* **REQUIRED ACTION**
Repeat the listing exactly. The images do not belong in the copy.

* **INPUT DATA**
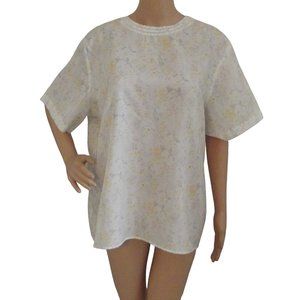 NIKKI Blouse Womens 18 vintage yellow green white floral short sleeve top shirt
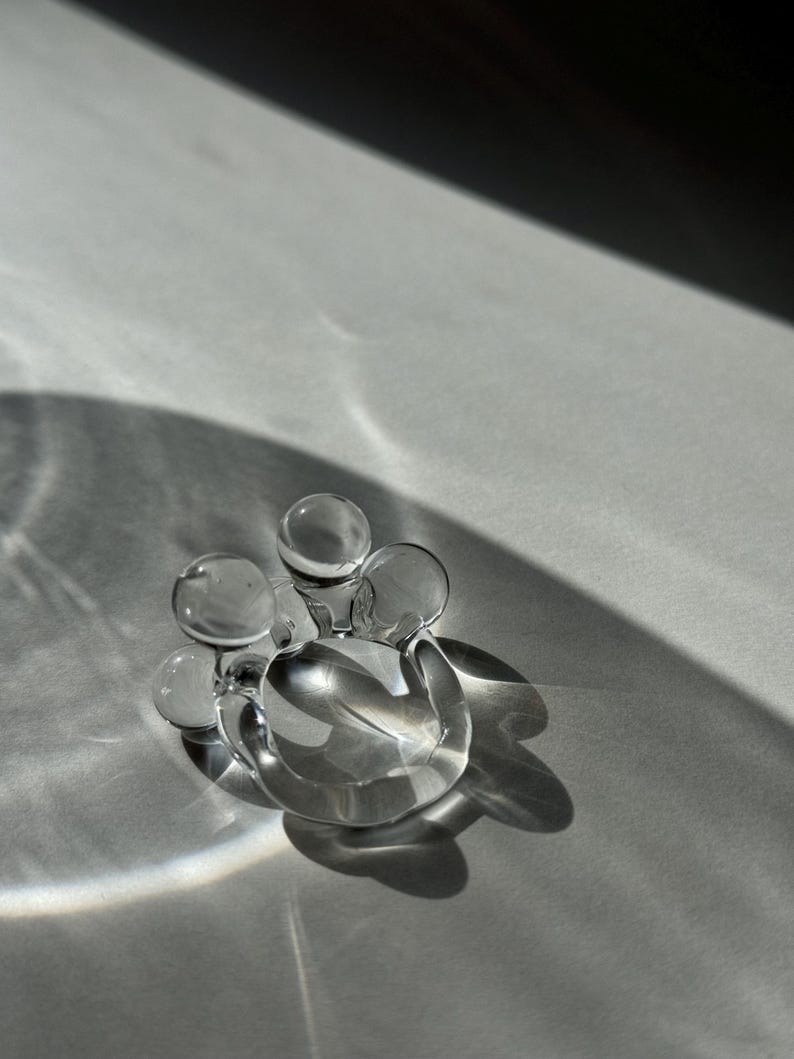 Big bubble - Clear statement Glass Ring - Unique minimalist Jewelry, Artisan Handmade Gift, Perfect Present for Holidays and Birthdays image 1 Big bubble - Clear statement Glass Ring - Unique minimalist Jewelry, Artisan Handmade Gift, Perfect Present for Holidays and Birthdays image 1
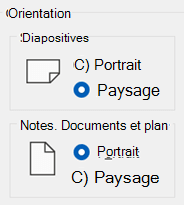 Il existe des options d’orientation pour les diapositives et pour les notes et les documents.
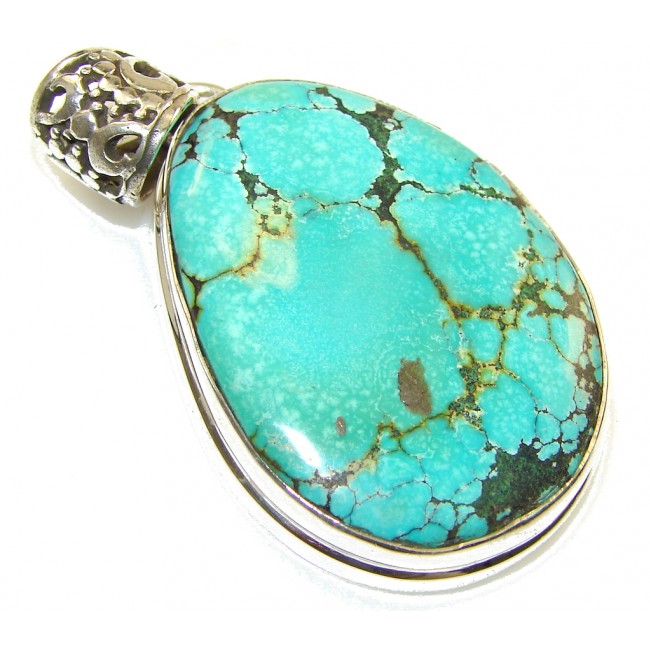 Pilot Mountain!! Blue Turquoise Sterling Silver Pendant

* **PROBLEM SOLUTION**
 NIKKI Blouse Womens 18 vintage yellow green white floral short sleeve top shirt
 Big bubble - Clear statement Glass Ring - Unique minimalist Jewelry, Artisan Handmade Gift, Perfect Present for Holidays and Birthdays image 1 Big bubble - Clear statement Glass Ring - Unique minimalist Jewelry, Artisan Handmade Gift, Perfect Present for Holidays and Birthdays image 1
 Il existe des options d’orientation pour les diapositives et pour les notes et les documents.
 Pilot Mountain!! Blue Turquoise Sterling Silver Pendant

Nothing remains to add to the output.